Work to be completed:
In this exercise, the entries below include pictures. Repeat exactly the lines from the line with "goldener Herbst in Rostock (Lindenpark)" to the line with "Black dwarf hornbill (Horizocerus hartlaubi)", including both, but without the pictures.

Data section:
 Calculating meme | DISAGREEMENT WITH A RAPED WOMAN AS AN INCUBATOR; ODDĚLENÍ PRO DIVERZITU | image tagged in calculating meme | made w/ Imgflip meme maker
* * *
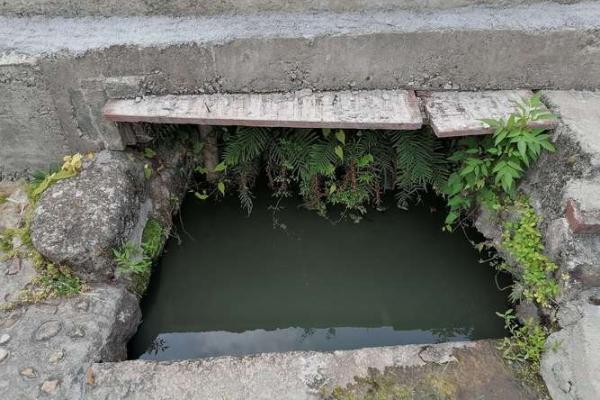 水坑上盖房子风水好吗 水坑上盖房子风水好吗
==
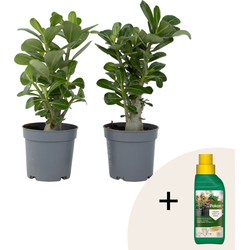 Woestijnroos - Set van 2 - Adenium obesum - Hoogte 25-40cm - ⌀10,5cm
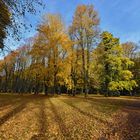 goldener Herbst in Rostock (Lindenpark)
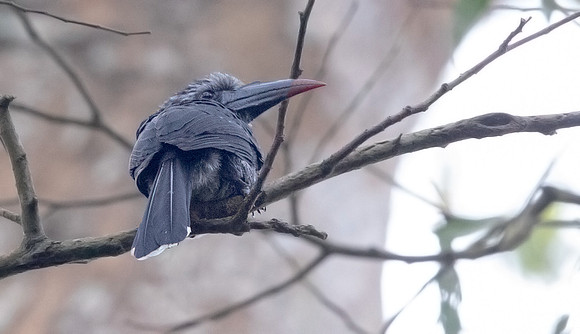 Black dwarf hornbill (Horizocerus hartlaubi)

Answer space:
 goldener Herbst in Rostock (Lindenpark)
 Black dwarf hornbill (Horizocerus hartlaubi)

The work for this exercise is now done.